As epigenetic enzymes often synergize in vivo, there is also great interest in testing combined inhibitor treatments that target more than one epigenetic enzyme, suggesting that combination of an HDAC inhibitor and other anticancer agents might be very attractive therapeutic strategies. It was found in this study that the combination of SAHA and EZH2 siRNA decreased cell numbers more than either single treatment. It was disclosed that cell cycle arrest, not apoptosis, might be related to the synergistic effect of the combined treatment. Furthermore, this study showed that SAHA and/or EZH2 siRNA treatment affect trimetylated and acetylated levels at the p16INK4a and E-cadherin promoter and the combined treatment increased the expression levels of p16INK4a and E-cadherin. Although the mechanism how the addition of EZH2 siRNA enhanced antitumor activity of SAHA remains to be clarified, EZH2 downregulation might affect other members of PRC2(37) and HDAC activity, which result in the enhanced antitumor effect of SAHA. Similar to HDACs, EZH2 histone methyltransferase has emerged as a key target in potential epigenetic strategies; however, specific inhibitors of EZH2 histone methyltransferase have not been described. The most encouraging inhibitory agent of PRC2 reported so far is deazaneplanocin A, which can deplete PRC2 subunits in breast cancer cell lines and reactivate PRC2-silenced genes.(38) However, as this type of inhibitor might affect many processes that require methyl transfer, there are concerns about its specificity in potential therapy. The availability of histone methyltransferase inhibitors specific for EZH2, EZH2 inhibitor, and HDAC inhibitor should expand the repertoire of new possibilities in combined epigenetic therapy.

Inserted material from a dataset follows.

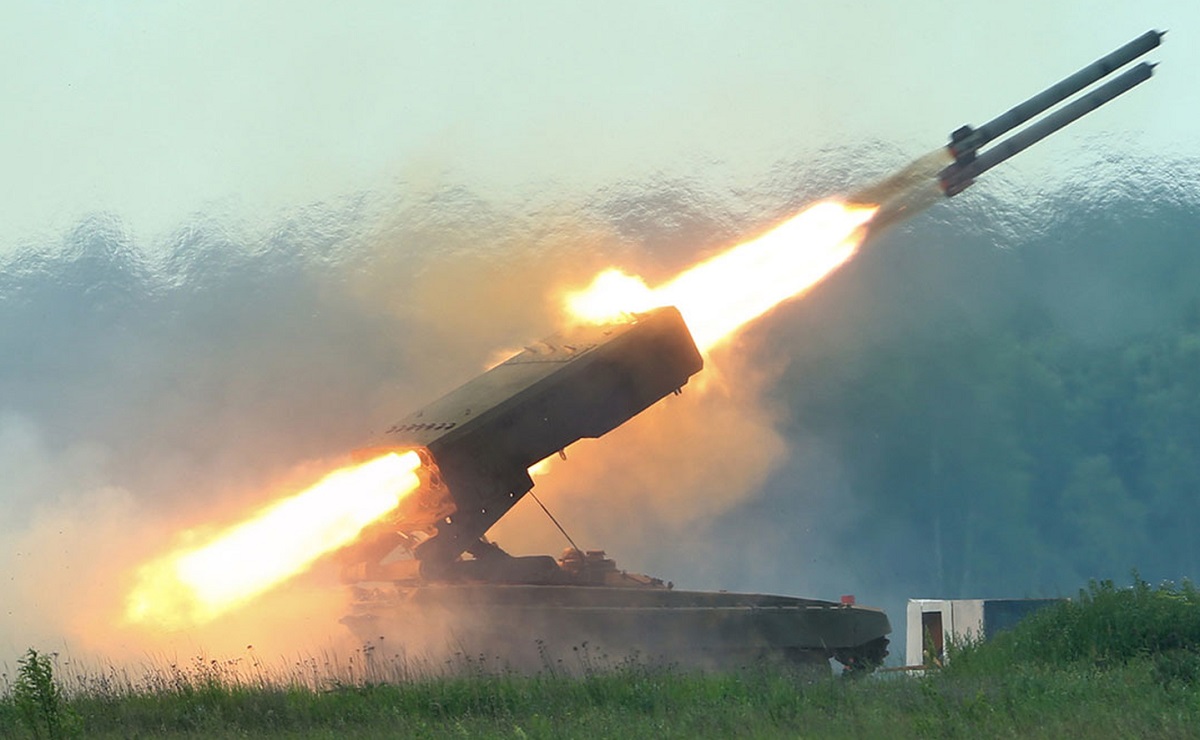 Un dron FPV de 500 dólares destruyó el arma no nuclear TOS-1A más potente de Rusia con 24 misiles termobáricos valorados en millones de dólares Un dron FPV de 500 dólares destruyó el arma no nuclear TOS-1A más potente de Rusia con 24 misiles termobáricos valorados en millones de dólares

In conclusion, we showed that EZH2 is overexpressed in carcinoma cells, and HDAC1/2 were clearly expressed in both carcinoma cells and normal epithelial cells of the gallbladder. This expression pattern was also followed in cultured cells. SAHA treatment reduced the expression levels of HDAC1/2 and EZH2 in cultured carcinoma cells along with their reduced cell numbers, and this effect was synergized when treated with EZH2 siRNA. Because gallbladder carcinoma shows increased expressions of EZH2 and HDAC1/2, therapeutic SAHA treatment with EZH2 repressors, such as EZH2-specific methyltransferase inhibitor, is a promising therapeutic approach in gallbladder carcinoma.